# Dataset records:
◆ ◆ ◆

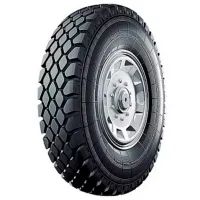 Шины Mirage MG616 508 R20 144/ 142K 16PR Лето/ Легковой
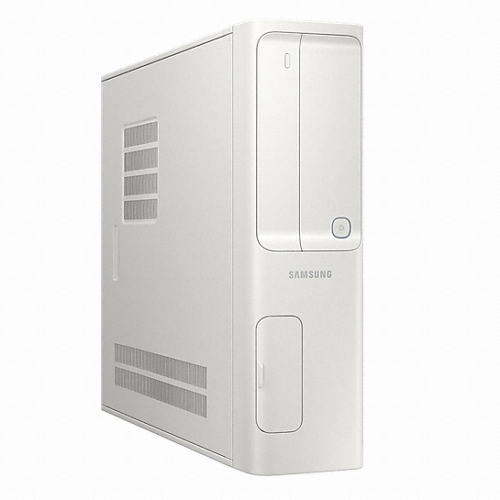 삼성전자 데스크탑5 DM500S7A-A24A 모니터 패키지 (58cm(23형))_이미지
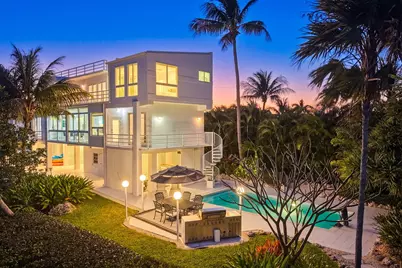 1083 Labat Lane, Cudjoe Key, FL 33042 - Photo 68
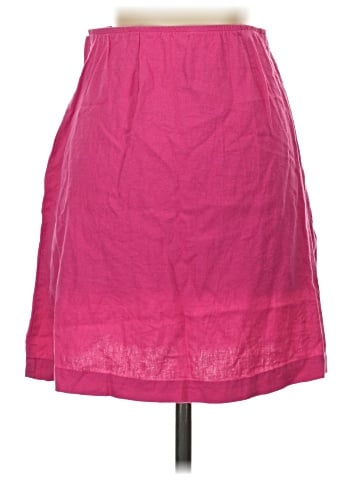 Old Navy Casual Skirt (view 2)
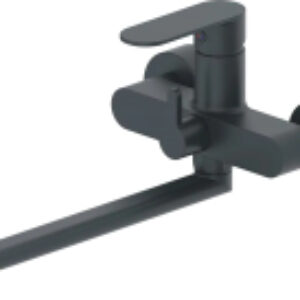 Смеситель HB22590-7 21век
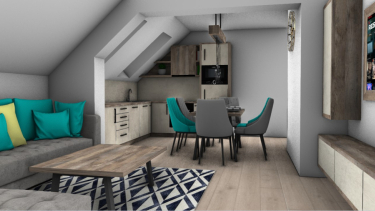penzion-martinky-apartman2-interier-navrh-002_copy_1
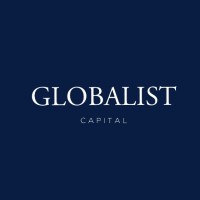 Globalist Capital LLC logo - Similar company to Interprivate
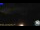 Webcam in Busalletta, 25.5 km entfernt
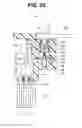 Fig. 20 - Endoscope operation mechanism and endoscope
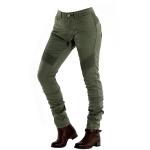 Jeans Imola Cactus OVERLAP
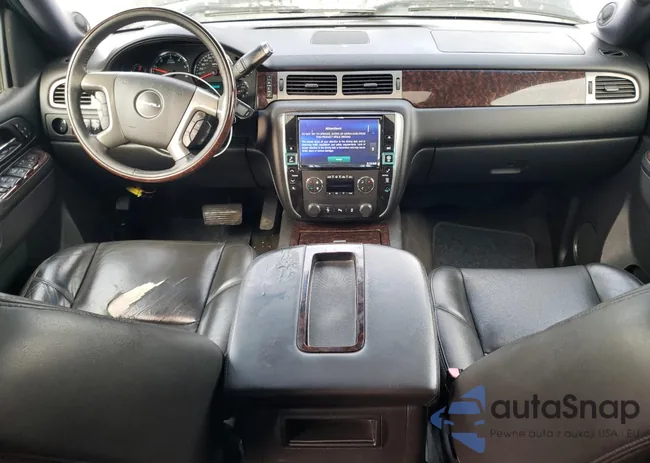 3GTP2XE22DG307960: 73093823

◆ ◆ ◆

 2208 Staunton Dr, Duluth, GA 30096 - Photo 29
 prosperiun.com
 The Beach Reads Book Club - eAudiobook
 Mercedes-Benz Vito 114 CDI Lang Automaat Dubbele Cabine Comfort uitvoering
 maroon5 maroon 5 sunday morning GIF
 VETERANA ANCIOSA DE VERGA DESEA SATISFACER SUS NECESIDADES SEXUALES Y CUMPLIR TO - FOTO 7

◆ ◆ ◆

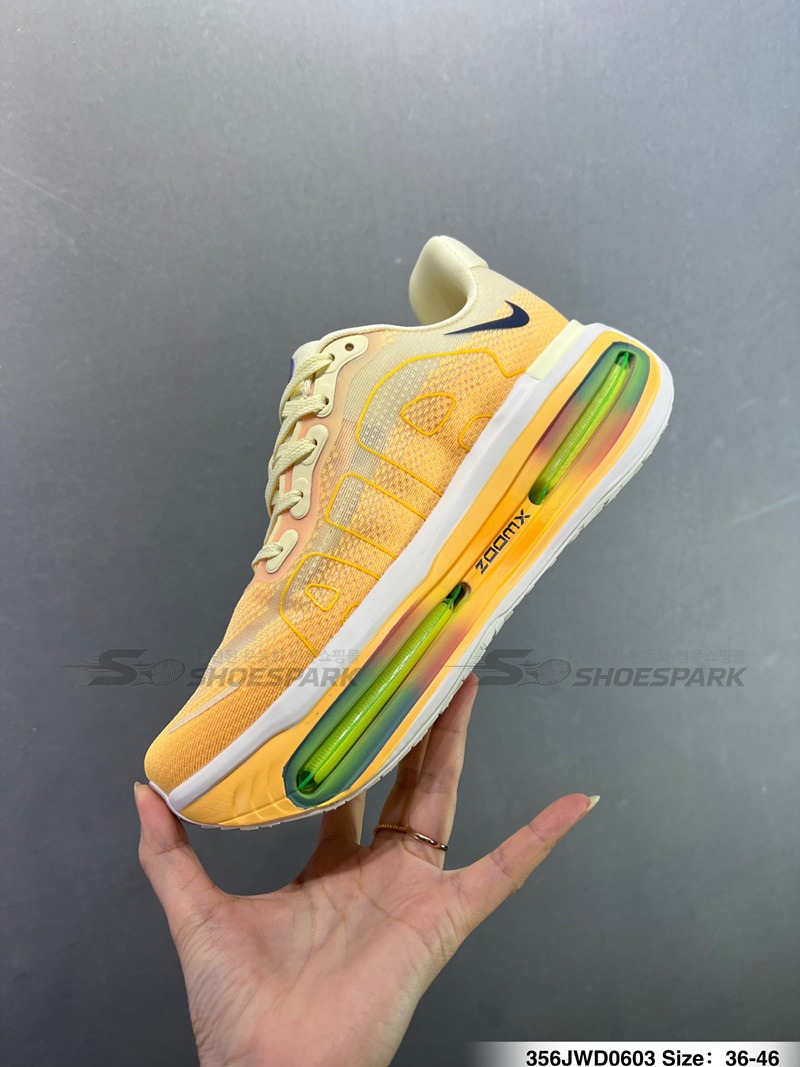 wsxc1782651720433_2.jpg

◆ ◆ ◆

# Work instruction:
In the listing above, find the line containing "1083 Labat Lane, Cudjoe" and the line containing "Webcam in Busalletta, 25.5 km entfernt", then output those two lines and everything between them exactly as written, without the images.

# Result of this task:
 1083 Labat Lane, Cudjoe Key, FL 33042 - Photo 68
 Old Navy Casual Skirt (view 2)
 Смеситель HB22590-7 21век
penzion-martinky-apartman2-interier-navrh-002_copy_1
 Globalist Capital LLC logo - Similar company to Interprivate
 Webcam in Busalletta, 25.5 km entfernt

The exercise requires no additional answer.